• [ASSIGNMENT] A verbatim transcript of the lines below, starting at the first and ending with the one that holds "Used 2025 Jeep", is what should be produced.

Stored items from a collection
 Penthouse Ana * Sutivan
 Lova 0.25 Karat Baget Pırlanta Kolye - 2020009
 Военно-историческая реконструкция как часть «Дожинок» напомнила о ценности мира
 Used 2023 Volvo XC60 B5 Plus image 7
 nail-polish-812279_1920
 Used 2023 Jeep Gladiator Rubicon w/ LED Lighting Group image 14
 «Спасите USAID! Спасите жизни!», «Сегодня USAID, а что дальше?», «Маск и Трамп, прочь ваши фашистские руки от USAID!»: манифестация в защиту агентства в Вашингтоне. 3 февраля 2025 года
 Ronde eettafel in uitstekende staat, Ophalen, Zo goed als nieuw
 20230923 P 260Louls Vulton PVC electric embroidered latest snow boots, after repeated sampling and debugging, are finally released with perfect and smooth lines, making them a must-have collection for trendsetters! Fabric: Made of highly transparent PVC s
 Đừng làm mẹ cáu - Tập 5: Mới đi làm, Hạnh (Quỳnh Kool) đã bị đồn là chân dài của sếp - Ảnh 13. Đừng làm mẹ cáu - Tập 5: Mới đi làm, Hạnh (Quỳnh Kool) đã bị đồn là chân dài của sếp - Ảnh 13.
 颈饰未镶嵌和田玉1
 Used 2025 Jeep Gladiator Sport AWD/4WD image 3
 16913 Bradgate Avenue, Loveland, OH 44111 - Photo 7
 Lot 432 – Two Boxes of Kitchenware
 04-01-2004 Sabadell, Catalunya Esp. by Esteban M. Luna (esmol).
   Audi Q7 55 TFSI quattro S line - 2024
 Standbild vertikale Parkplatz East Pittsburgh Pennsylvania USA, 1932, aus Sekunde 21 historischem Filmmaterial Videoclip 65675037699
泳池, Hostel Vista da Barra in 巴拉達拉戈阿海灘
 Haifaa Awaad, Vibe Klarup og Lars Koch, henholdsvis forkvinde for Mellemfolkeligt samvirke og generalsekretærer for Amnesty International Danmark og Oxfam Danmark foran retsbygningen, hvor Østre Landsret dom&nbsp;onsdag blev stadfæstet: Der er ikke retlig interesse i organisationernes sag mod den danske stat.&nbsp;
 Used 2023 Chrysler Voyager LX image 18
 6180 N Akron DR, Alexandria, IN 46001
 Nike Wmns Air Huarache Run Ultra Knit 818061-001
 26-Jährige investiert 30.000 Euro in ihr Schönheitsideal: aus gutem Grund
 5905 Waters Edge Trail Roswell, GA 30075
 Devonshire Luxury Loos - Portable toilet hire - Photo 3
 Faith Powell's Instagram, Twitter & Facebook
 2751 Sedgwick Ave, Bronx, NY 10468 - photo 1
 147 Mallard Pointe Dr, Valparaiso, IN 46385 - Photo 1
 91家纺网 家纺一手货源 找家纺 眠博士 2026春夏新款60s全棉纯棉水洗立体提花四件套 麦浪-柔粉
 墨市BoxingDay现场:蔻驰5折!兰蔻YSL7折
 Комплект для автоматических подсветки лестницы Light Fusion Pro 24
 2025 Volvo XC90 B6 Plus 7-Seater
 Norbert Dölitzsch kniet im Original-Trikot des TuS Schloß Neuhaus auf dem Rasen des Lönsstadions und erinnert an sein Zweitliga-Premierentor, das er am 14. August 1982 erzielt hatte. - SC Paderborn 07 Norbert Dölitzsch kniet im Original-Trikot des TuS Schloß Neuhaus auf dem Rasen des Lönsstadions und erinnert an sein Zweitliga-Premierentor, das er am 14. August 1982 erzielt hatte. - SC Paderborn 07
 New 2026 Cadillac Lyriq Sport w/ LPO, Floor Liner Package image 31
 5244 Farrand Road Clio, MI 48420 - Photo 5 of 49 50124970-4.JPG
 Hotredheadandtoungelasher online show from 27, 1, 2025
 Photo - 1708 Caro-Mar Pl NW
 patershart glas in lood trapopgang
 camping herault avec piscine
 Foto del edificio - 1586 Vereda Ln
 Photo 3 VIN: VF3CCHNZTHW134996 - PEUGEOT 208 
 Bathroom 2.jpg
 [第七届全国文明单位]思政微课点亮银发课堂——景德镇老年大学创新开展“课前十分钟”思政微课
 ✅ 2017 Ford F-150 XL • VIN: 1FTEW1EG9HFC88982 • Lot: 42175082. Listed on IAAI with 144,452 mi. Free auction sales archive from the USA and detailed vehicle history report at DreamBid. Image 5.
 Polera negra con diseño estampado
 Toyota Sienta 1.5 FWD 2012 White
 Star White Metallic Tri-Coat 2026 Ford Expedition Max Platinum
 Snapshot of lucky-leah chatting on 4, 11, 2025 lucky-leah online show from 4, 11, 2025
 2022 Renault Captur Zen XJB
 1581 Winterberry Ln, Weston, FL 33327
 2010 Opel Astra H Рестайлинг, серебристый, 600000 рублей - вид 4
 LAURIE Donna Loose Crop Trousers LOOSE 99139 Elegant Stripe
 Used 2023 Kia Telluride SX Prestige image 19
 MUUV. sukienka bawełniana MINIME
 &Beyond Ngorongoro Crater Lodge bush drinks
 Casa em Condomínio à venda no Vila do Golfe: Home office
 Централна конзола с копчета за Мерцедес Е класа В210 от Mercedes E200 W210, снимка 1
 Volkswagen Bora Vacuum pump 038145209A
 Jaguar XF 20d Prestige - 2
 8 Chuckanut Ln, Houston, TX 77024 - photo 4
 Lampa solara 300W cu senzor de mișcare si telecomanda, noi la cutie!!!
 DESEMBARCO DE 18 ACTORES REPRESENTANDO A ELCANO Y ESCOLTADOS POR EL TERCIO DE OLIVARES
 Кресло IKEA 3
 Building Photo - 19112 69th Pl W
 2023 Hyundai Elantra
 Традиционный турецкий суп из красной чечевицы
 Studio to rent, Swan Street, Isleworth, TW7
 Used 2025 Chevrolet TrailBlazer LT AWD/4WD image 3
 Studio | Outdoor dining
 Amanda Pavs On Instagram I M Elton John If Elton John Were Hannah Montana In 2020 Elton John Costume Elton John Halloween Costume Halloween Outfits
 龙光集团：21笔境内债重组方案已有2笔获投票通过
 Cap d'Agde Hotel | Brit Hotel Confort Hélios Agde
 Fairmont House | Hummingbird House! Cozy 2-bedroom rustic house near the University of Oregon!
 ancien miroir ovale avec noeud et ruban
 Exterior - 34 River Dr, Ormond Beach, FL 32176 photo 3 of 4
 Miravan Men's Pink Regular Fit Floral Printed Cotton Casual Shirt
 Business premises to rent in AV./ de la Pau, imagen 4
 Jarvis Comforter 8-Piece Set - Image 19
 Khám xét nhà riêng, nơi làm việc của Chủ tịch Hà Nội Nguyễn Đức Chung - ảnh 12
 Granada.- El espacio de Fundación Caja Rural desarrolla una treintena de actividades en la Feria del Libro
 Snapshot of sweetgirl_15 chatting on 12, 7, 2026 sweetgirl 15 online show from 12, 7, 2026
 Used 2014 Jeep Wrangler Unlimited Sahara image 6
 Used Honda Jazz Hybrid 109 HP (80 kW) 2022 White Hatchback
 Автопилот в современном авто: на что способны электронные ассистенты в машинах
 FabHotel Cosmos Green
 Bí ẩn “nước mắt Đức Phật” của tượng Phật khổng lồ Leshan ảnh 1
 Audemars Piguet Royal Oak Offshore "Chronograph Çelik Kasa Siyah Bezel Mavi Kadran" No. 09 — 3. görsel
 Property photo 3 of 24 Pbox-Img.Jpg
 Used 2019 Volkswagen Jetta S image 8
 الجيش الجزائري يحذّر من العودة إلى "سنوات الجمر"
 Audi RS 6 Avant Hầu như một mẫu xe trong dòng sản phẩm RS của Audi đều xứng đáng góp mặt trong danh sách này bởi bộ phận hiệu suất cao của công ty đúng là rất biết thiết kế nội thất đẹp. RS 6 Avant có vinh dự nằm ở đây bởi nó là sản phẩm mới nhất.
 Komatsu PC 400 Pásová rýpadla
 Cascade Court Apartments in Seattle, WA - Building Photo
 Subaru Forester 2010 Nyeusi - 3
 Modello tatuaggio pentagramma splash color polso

• [TASK RESPONSE]
 Penthouse Ana * Sutivan
 Lova 0.25 Karat Baget Pırlanta Kolye - 2020009
 Военно-историческая реконструкция как часть «Дожинок» напомнила о ценности мира
 Used 2023 Volvo XC60 B5 Plus image 7
 nail-polish-812279_1920
 Used 2023 Jeep Gladiator Rubicon w/ LED Lighting Group image 14
 «Спасите USAID! Спасите жизни!», «Сегодня USAID, а что дальше?», «Маск и Трамп, прочь ваши фашистские руки от USAID!»: манифестация в защиту агентства в Вашингтоне. 3 февраля 2025 года
 Ronde eettafel in uitstekende staat, Ophalen, Zo goed als nieuw
 20230923 P 260Louls Vulton PVC electric embroidered latest snow boots, after repeated sampling and debugging, are finally released with perfect and smooth lines, making them a must-have collection for trendsetters! Fabric: Made of highly transparent PVC s
 Đừng làm mẹ cáu - Tập 5: Mới đi làm, Hạnh (Quỳnh Kool) đã bị đồn là chân dài của sếp - Ảnh 13. Đừng làm mẹ cáu - Tập 5: Mới đi làm, Hạnh (Quỳnh Kool) đã bị đồn là chân dài của sếp - Ảnh 13.
 颈饰未镶嵌和田玉1
 Used 2025 Jeep Gladiator Sport AWD/4WD image 3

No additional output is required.